### Data excerpts
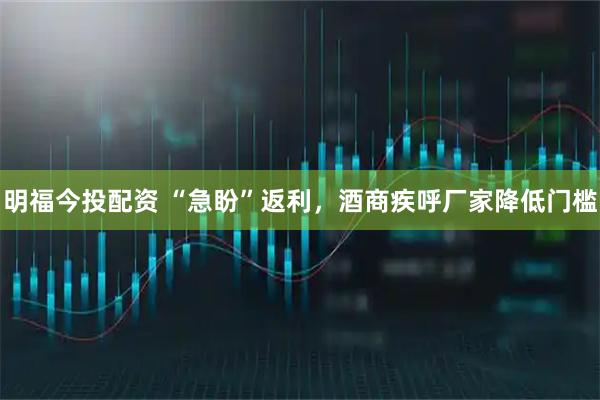 明福今投配资 “急盼”返利，酒商疾呼厂家降低门槛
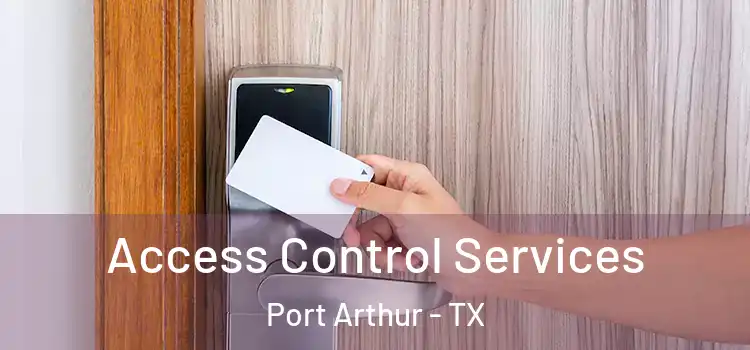 Access Control Services Port Arthur - TX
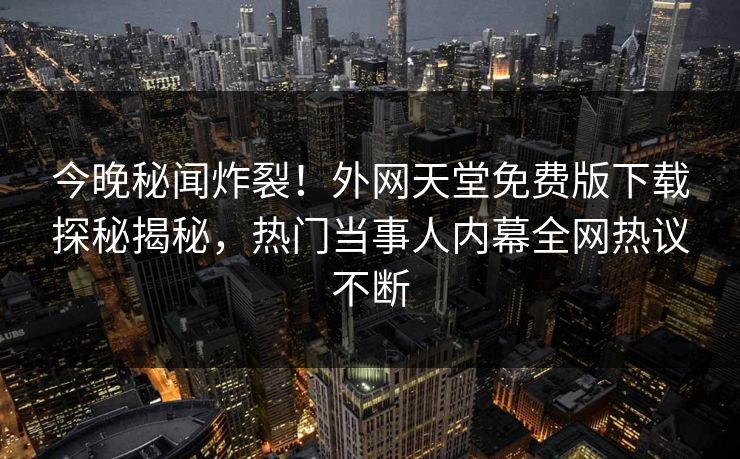 今晚秘闻炸裂！外网天堂免费版下载探秘揭秘，热门当事人内幕全网热议不断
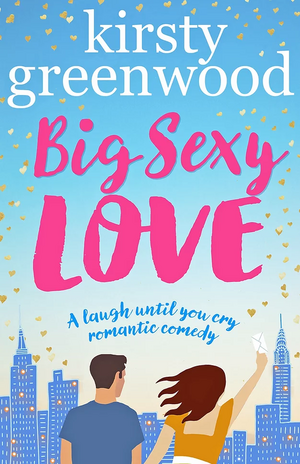 Big Sexy Love by Kirsty Greenwood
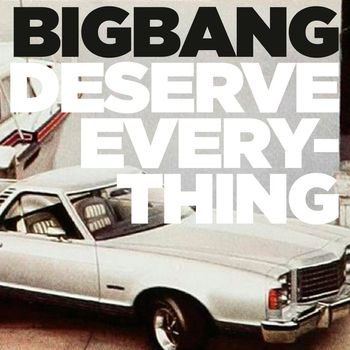 Bigbang - Deserve Everything
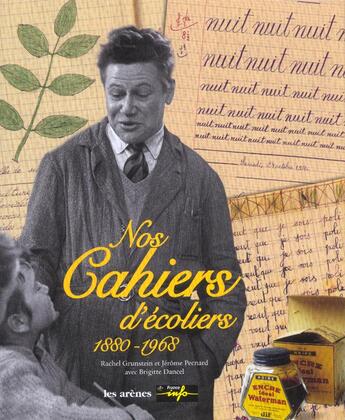 Couverture du livre « Nos cahiers d'écoliers : 1880-1968 » de Jerome Pecnard et Rachel Grunstein et Brigitte Dancel aux éditions Les Arenes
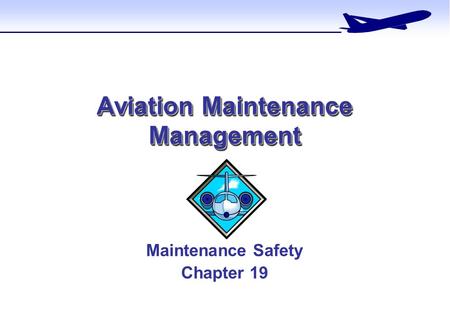 Aviation Maintenance Management Maintenance Safety Chapter 19.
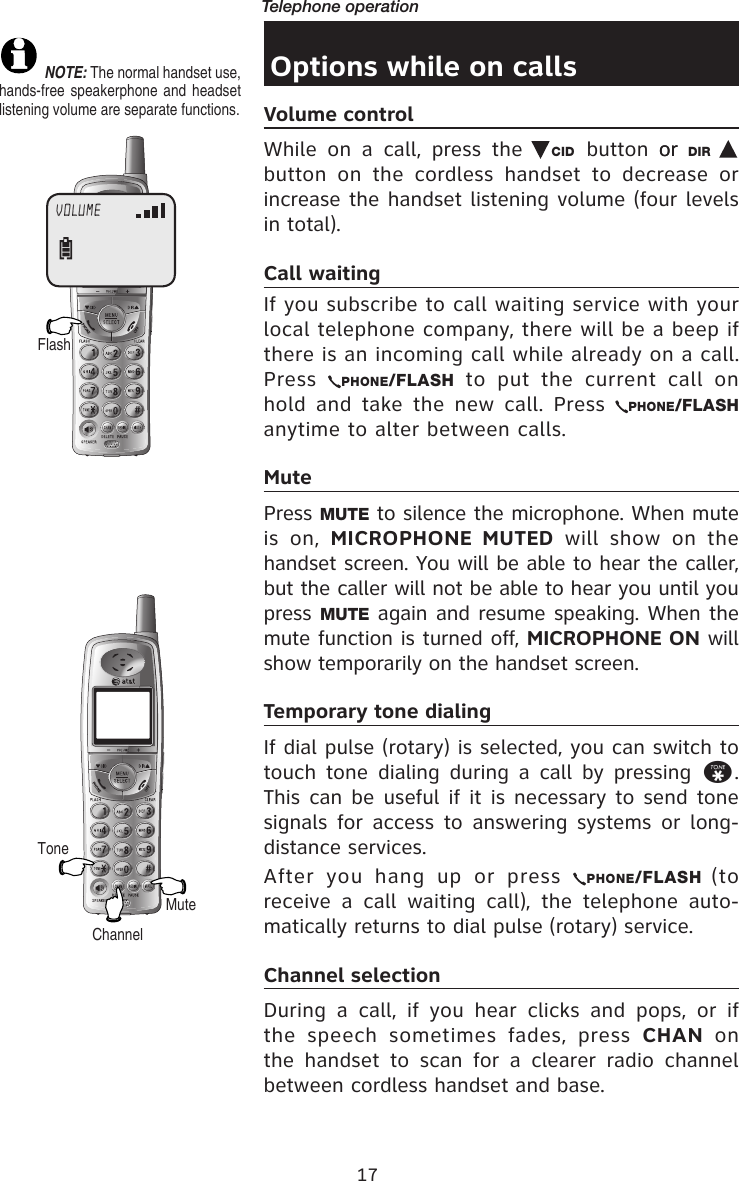 17Telephone operationOptions while on callsVolume controlWhile  on  a  call,  press  the  CID button or  or  DIR button  on  the  cordless  handset  to  decrease  or increase the handset listening volume (four levels in total).Call waitingIf you subscribe to call waiting service with your local telephone company, there will be a beep if there is an incoming call while already on a call. Press  PHONE/FLASH  to  put  the  current  call  on hold and take the new call. Press  PHONE/FLASH anytime to alter between calls.MutePress MUTE to silence the microphone. When mute is  on,  MICROPHONE  MUTED  will  show  on  the handset screen. You will be able to hear the caller, but the caller will not be able to hear you until you press MUTE again and resume speaking. When the mute function is turned off, MICROPHONE ON will show temporarily on the handset screen.Temporary tone dialingIf dial pulse (rotary) is selected, you can switch to touch  tone  dialing  during  a  call by  pressing  *. This can be useful if it is necessary to send tone signals  for  access  to  answering  systems  or  long-distance services.After  you  hang  up  or  press  PHONE/FLASH (to receive  a  call  waiting  call),  the  telephone  auto-matically returns to dial pulse (rotary) service.Channel selectionDuring  a  call,  if  you  hear  clicks  and  pops,  or  if the  speech  sometimes  fades,  press  CHAN  on the  handset  to  scan  for  a  clearer  radio  channel between cordless handset and base.ToneMuteFlashVOLUME NOTE: The normal handset use, hands-free speakerphone  and headset listening volume are separate functions.Channel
######
Nothing but the lines from the one with "Access Control Services Port Arthur - TX" up to and including the one with "Aviation Maintenance Management" should be printed, exactly as they read above. Please keep the pictures out.

 Access Control Services Port Arthur - TX
 今晚秘闻炸裂！外网天堂免费版下载探秘揭秘，热门当事人内幕全网热议不断
 Big Sexy Love by Kirsty Greenwood
 Bigbang - Deserve Everything
 Couverture du livre « Nos cahiers d'écoliers : 1880-1968 » de Jerome Pecnard et Rachel Grunstein et Brigitte Dancel aux éditions Les Arenes
 Aviation Maintenance Management Maintenance Safety Chapter 19.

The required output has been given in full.